> _Stored data entries_:
- - -
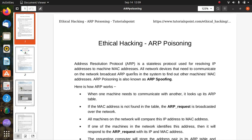All network devices that need to communicate on the network broadcast ARP queries to find out other machines' MAC addresses. ARP is used for address resolution, to identify MAC addresses. ARP poisoning is also known as ARP spoofing.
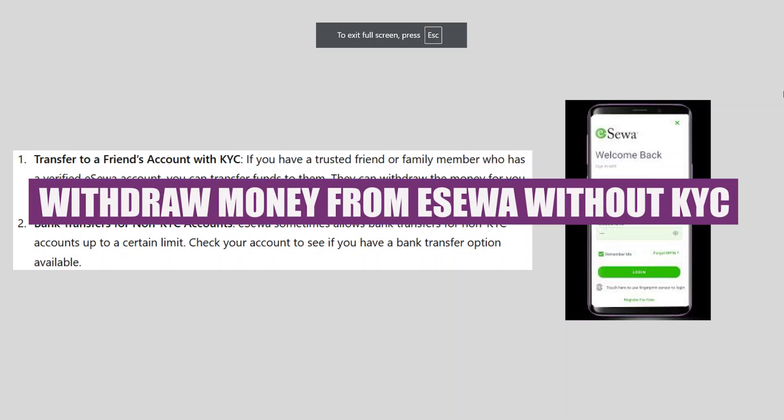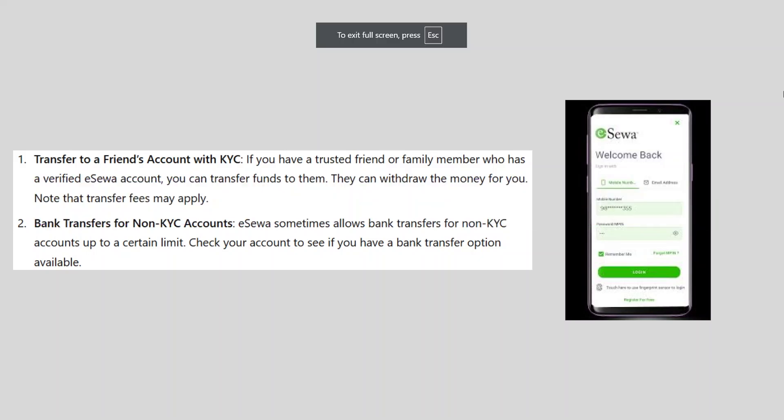In this video, we will show you how to withdraw money from eSewa without KYC. If you guys want to start up with eSewa, you can use the links down in the description.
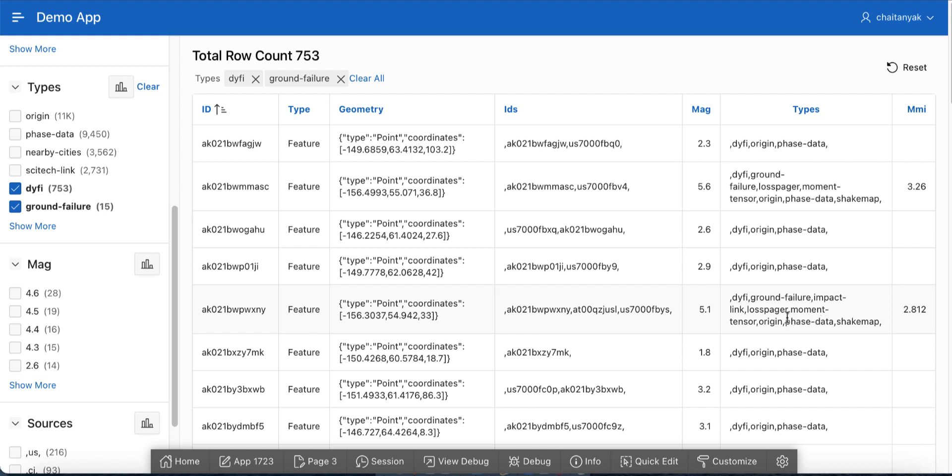What if you want the result to be an intersection of individual values? For example, if you would like to display both DIFI and ground failure together in comma-separated values, let's see how we can change that.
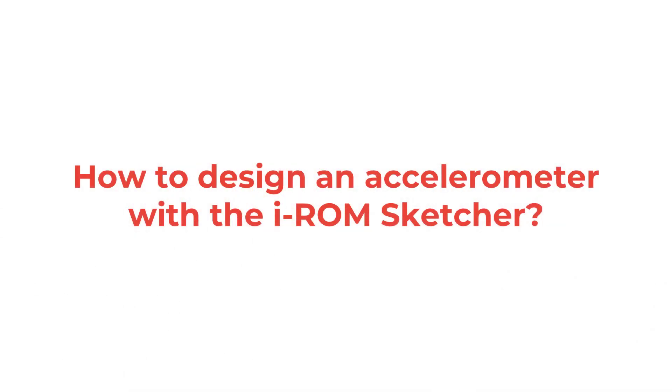Welcome to the iROM Model Builder tutorial series. In this video we show how to use the sketcher interface.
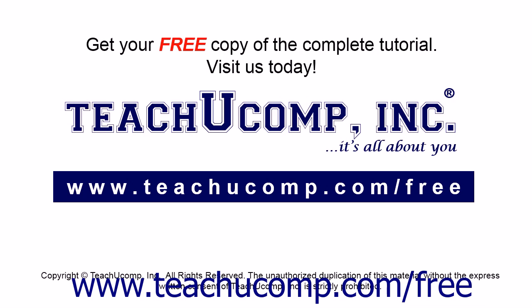Get your free copy of the complete tutorial at www.teachucomp.com/free.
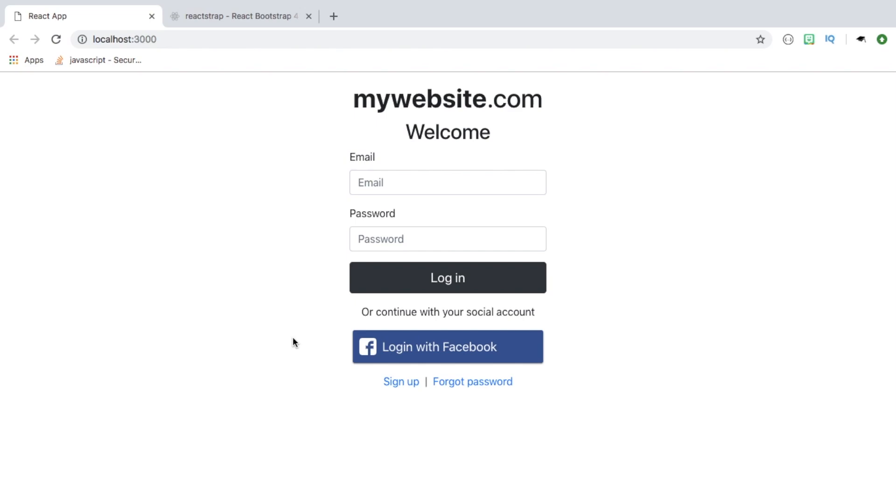Hey guys, so today we're going to create a React application which has this login page. This login page isn't actually functional so it doesn't do anything.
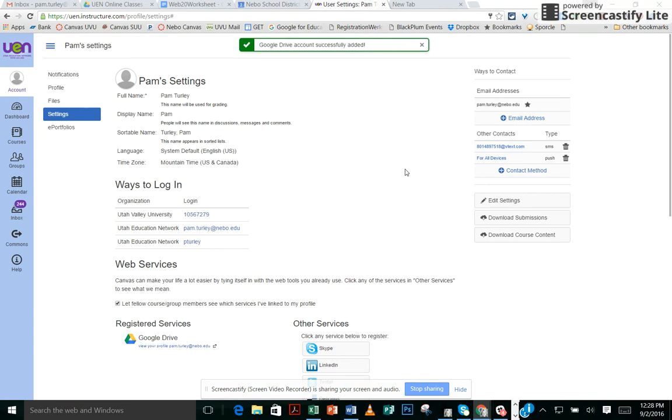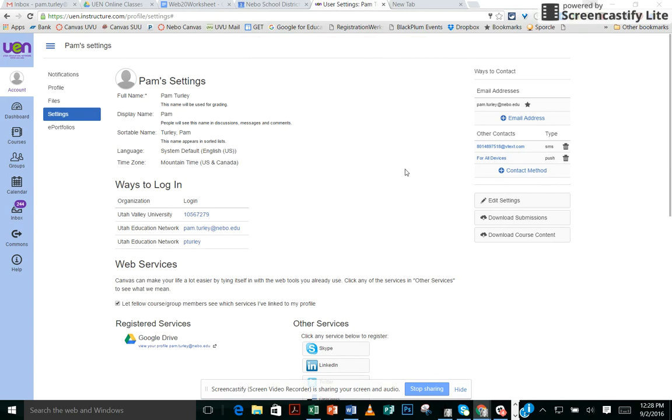If you want to submit something from your Google Drive to a Canvas course, just click on File Submit, and it will open up. One of your options will be to open your Google Drive. You'll be able to select the document you want to submit, and it will convert it into a text file.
- - -
> _WHAT YOU SHOULD DO_: Your task is to retype the lines running from the one that contains "In this video, we" through the end of the records, and nothing else. Pictures are not part of the copy.

> _EXPECTED ANSWER_:
In this video, we will show you how to withdraw money from eSewa without KYC. If you guys want to start up with eSewa, you can use the links down in the description.
What if you want the result to be an intersection of individual values? For example, if you would like to display both DIFI and ground failure together in comma-separated values, let's see how we can change that.
Welcome to the iROM Model Builder tutorial series. In this video we show how to use the sketcher interface.
Get your free copy of the complete tutorial at www.teachucomp.com/free.
Hey guys, so today we're going to create a React application which has this login page. This login page isn't actually functional so it doesn't do anything.
If you want to submit something from your Google Drive to a Canvas course, just click on File Submit, and it will open up. One of your options will be to open your Google Drive. You'll be able to select the document you want to submit, and it will convert it into a text file.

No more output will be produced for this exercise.